Emeritus General Authority
- October 4, 1980 – April 26, 1986

First Quorum of the Seventy
- October 1, 1976 – October 4, 1980
- End reason: Granted general authority emeritus status

Assistant to the Quorum of the Twelve Apostles
- October 6, 1972 – October 1, 1976
- End reason: Position abolished

Personal details
- Born: Oscar Leslie Stone May 28, 1903 Chapin, Idaho, United States
- Died: April 26, 1986 (aged 82) Salt Lake City, Utah, United States

= O. Leslie Stone =

Oscar Leslie Stone (May 28, 1903 – April 26, 1986) was a general authority of the Church of Jesus Christ of Latter-day Saints (LDS Church) from 1972 until his death. He was the president of the church's Salt Lake Temple from 1968 to 1972.
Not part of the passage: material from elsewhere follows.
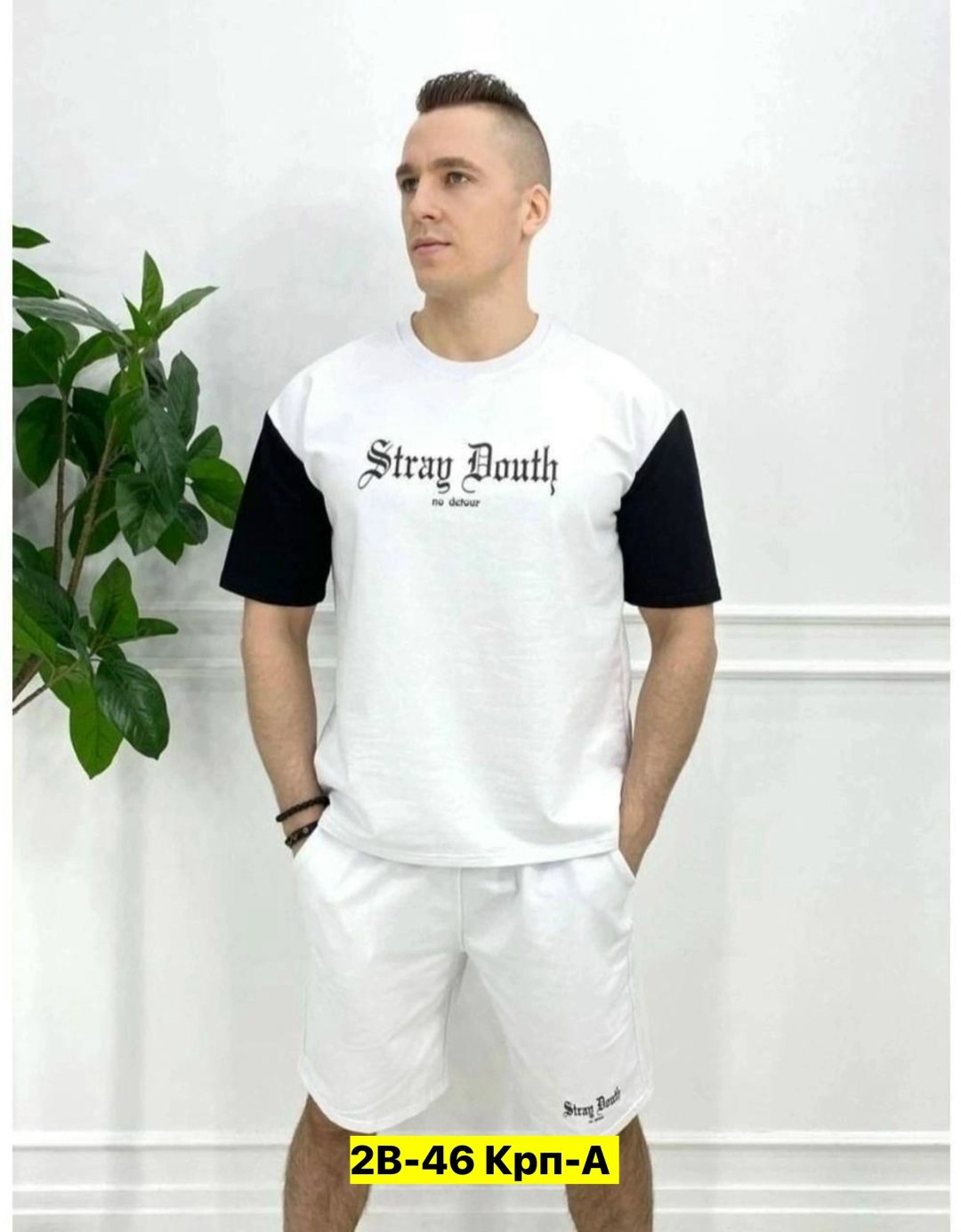 костюм спортивный летний с футболкой и шортами,костюм с шортами и футболкой спортивный летний мужской,мужской спортивный костюм с шортами и футболкой,спортивные костюм,костюм мужской с шортами и футбо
Stone was born in Chapin, Teton County, Idaho, but was raised mainly in nearly Driggs. In 1920, he graduated from Brigham Young High School in Provo, Utah. Following graduation, he went to work for a bank in Price, Utah. He then went back to Idaho to work in Blackfoot City Bank. He was also involved in selling Model Ts, and ran two dance halls. In 1924, he married Dorothy Cobbley, who had helped him become more involved in the LDS Church, in the Salt Lake Temple. He then took a position as a partner in a store in Susanville, California along with his father and brother. Through expansion and merger, he ended up heading 75 stores and living in Portland, Oregon.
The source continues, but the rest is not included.